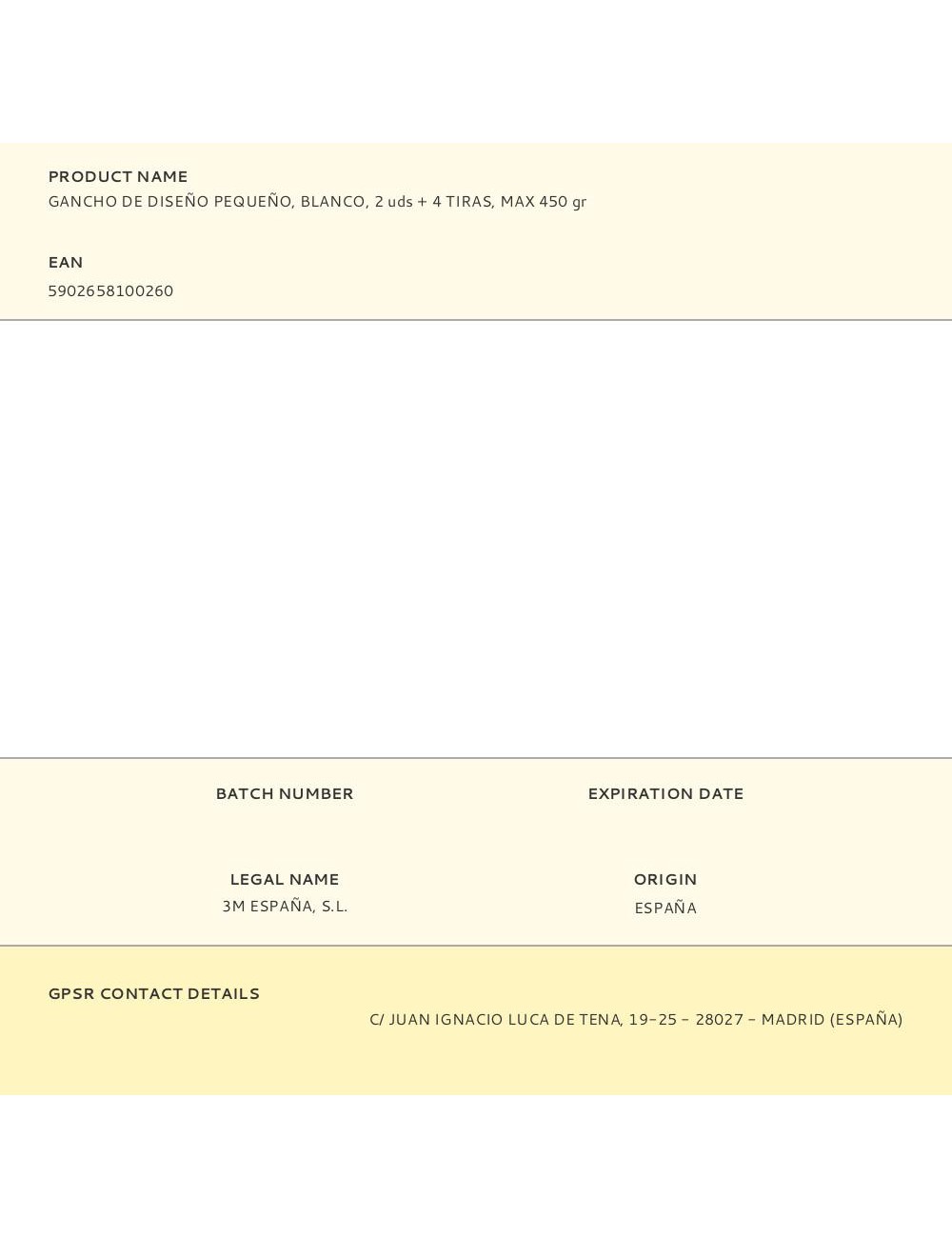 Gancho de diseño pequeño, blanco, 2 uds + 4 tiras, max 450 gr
--------
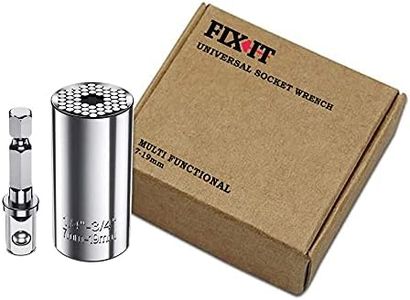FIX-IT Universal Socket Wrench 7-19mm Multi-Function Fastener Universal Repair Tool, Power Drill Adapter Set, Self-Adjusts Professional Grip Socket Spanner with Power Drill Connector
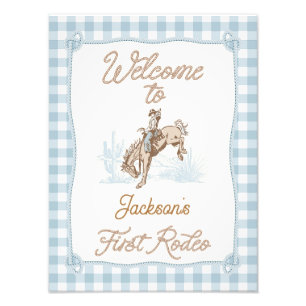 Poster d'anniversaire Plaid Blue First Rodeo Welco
--------
_Required work_. Range to copy from the listing above: the line with "FIX-IT Universal Socket" through the line with "Poster d'anniversaire Plaid". Transcribe it exactly and skip the pictures.

_Answer for this exercise_.
FIX-IT Universal Socket Wrench 7-19mm Multi-Function Fastener Universal Repair Tool, Power Drill Adapter Set, Self-Adjusts Professional Grip Socket Spanner with Power Drill Connector
 Poster d'anniversaire Plaid Blue First Rodeo Welco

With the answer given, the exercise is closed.